Records drawn from a dataset
———

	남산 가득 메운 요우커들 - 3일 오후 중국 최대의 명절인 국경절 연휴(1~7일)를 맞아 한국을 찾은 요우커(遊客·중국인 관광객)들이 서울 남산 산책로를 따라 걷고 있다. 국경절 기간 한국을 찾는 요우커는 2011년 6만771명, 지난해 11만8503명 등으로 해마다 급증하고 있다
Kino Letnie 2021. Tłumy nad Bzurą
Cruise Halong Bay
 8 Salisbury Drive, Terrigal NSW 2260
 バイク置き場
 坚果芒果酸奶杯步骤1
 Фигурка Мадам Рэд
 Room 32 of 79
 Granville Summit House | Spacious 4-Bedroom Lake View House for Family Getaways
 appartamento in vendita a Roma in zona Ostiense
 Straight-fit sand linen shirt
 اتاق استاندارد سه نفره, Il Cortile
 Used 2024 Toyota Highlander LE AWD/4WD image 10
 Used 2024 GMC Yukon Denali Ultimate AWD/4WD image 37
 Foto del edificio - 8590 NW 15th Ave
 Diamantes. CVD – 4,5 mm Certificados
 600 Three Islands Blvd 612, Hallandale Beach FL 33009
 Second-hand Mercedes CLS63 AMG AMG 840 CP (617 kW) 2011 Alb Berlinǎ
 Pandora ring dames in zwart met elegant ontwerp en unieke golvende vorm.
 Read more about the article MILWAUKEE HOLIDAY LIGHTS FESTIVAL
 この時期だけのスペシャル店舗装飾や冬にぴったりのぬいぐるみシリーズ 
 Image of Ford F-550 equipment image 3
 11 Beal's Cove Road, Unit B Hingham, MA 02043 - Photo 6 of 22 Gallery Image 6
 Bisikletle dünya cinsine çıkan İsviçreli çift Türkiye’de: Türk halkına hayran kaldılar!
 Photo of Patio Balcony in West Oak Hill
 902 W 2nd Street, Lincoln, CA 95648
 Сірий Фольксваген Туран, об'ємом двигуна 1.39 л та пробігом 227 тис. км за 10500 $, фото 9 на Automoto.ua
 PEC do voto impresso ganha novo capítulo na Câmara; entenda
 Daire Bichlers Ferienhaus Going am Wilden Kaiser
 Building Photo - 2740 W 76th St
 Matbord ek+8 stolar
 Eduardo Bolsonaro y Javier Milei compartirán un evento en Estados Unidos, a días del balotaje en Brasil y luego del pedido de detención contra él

———

→ Exercise requirements:
Please reproduce all of the entries exactly as they stand.

→ Reply to the exercise:
	남산 가득 메운 요우커들 - 3일 오후 중국 최대의 명절인 국경절 연휴(1~7일)를 맞아 한국을 찾은 요우커(遊客·중국인 관광객)들이 서울 남산 산책로를 따라 걷고 있다. 국경절 기간 한국을 찾는 요우커는 2011년 6만771명, 지난해 11만8503명 등으로 해마다 급증하고 있다
Kino Letnie 2021. Tłumy nad Bzurą
Cruise Halong Bay
 8 Salisbury Drive, Terrigal NSW 2260
 バイク置き場
 坚果芒果酸奶杯步骤1
 Фигурка Мадам Рэд
 Room 32 of 79
 Granville Summit House | Spacious 4-Bedroom Lake View House for Family Getaways
 appartamento in vendita a Roma in zona Ostiense
 Straight-fit sand linen shirt
 اتاق استاندارد سه نفره, Il Cortile
 Used 2024 Toyota Highlander LE AWD/4WD image 10
 Used 2024 GMC Yukon Denali Ultimate AWD/4WD image 37
 Foto del edificio - 8590 NW 15th Ave
 Diamantes. CVD – 4,5 mm Certificados
 600 Three Islands Blvd 612, Hallandale Beach FL 33009
 Second-hand Mercedes CLS63 AMG AMG 840 CP (617 kW) 2011 Alb Berlinǎ
 Pandora ring dames in zwart met elegant ontwerp en unieke golvende vorm.
 Read more about the article MILWAUKEE HOLIDAY LIGHTS FESTIVAL
 この時期だけのスペシャル店舗装飾や冬にぴったりのぬいぐるみシリーズ 
 Image of Ford F-550 equipment image 3
 11 Beal's Cove Road, Unit B Hingham, MA 02043 - Photo 6 of 22 Gallery Image 6
 Bisikletle dünya cinsine çıkan İsviçreli çift Türkiye’de: Türk halkına hayran kaldılar!
 Photo of Patio Balcony in West Oak Hill
 902 W 2nd Street, Lincoln, CA 95648
 Сірий Фольксваген Туран, об'ємом двигуна 1.39 л та пробігом 227 тис. км за 10500 $, фото 9 на Automoto.ua
 PEC do voto impresso ganha novo capítulo na Câmara; entenda
 Daire Bichlers Ferienhaus Going am Wilden Kaiser
 Building Photo - 2740 W 76th St
 Matbord ek+8 stolar
 Eduardo Bolsonaro y Javier Milei compartirán un evento en Estados Unidos, a días del balotaje en Brasil y luego del pedido de detención contra él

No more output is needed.